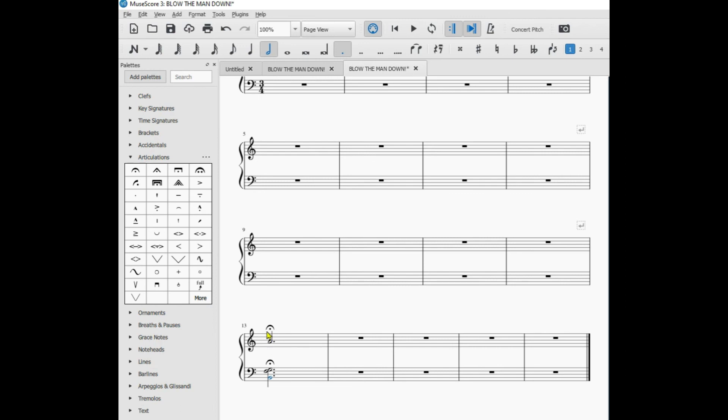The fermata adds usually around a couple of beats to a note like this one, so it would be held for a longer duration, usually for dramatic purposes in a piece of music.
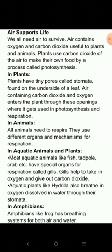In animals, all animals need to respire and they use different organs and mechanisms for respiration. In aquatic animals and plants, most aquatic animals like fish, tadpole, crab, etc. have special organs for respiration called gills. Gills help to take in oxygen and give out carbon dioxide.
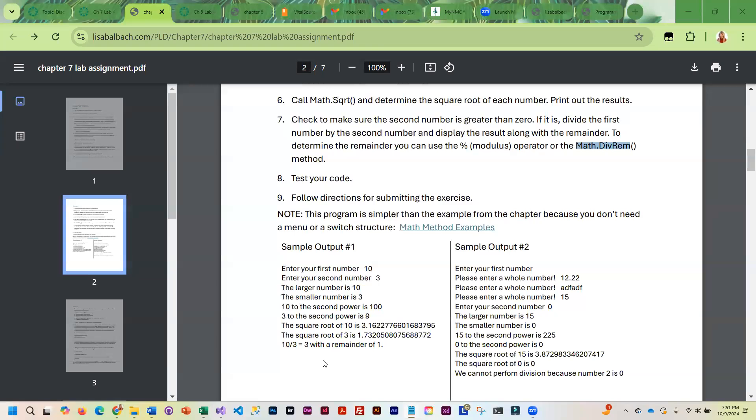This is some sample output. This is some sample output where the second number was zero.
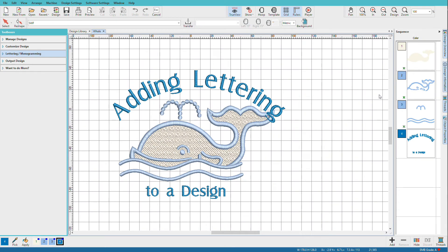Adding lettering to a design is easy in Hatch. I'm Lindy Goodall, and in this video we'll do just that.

◆ Exercise prompt ◆
The response consists of the data above printed line for line, with no pictures.

◆ Solution for this problem ◆
The fermata adds usually around a couple of beats to a note like this one, so it would be held for a longer duration, usually for dramatic purposes in a piece of music.
In animals, all animals need to respire and they use different organs and mechanisms for respiration. In aquatic animals and plants, most aquatic animals like fish, tadpole, crab, etc. have special organs for respiration called gills. Gills help to take in oxygen and give out carbon dioxide.
This is some sample output. This is some sample output where the second number was zero.
Adding lettering to a design is easy in Hatch. I'm Lindy Goodall, and in this video we'll do just that.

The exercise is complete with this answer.